• Given records
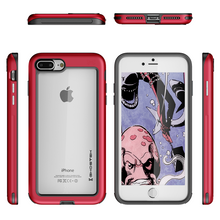 Cargar imagen en el visor de la galería, iPhone 7+ Plus Case, Ghostek®  Atomic Slim Series  for iPhone 7+ Plus Rugged Heavy Duty Case[RED] (Color in image: Gold)
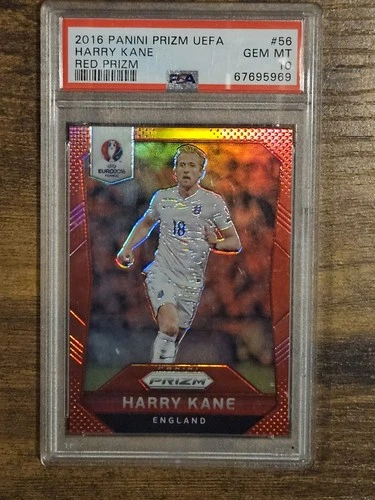 Harry Kane 2016 Panini UEFA Euro Prizm Rosso /149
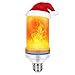 PHILWIN LED Flame Light Bulb Simulated Burn Fire Effect Xmas 4 Modes Flicker Lamps E26 Atmosphere Decor Ative Lamps for Hotel/Bars/Home Decoration/Restaurants(1 Pack)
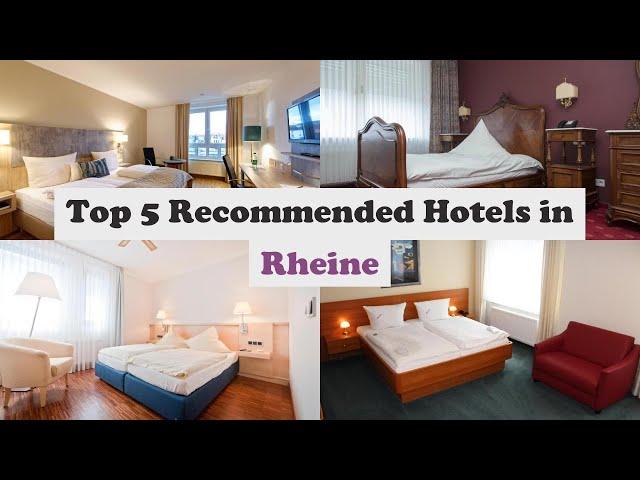 Top 5 Recommended Hotels In Rheine | Best Hotels In Rheine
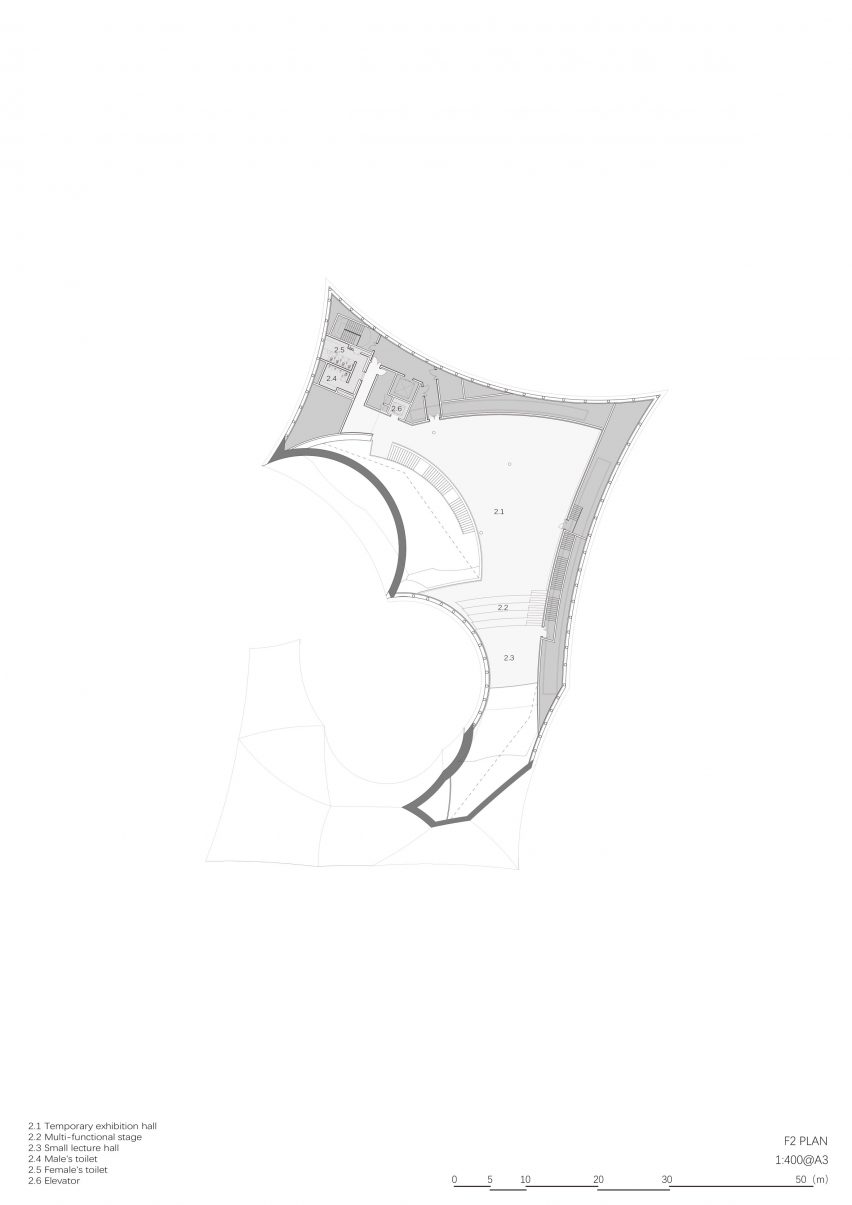 Plan of UCCA Clay Museum by Kengo Kuma and Associates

• Aim of the task
Repeat every record precisely. Any picture among them stays out of the copy.

• Your solution
 Cargar imagen en el visor de la galería, iPhone 7+ Plus Case, Ghostek®  Atomic Slim Series  for iPhone 7+ Plus Rugged Heavy Duty Case[RED] (Color in image: Gold)
 Harry Kane 2016 Panini UEFA Euro Prizm Rosso /149
 PHILWIN LED Flame Light Bulb Simulated Burn Fire Effect Xmas 4 Modes Flicker Lamps E26 Atmosphere Decor Ative Lamps for Hotel/Bars/Home Decoration/Restaurants(1 Pack)
 Top 5 Recommended Hotels In Rheine | Best Hotels In Rheine
 Plan of UCCA Clay Museum by Kengo Kuma and Associates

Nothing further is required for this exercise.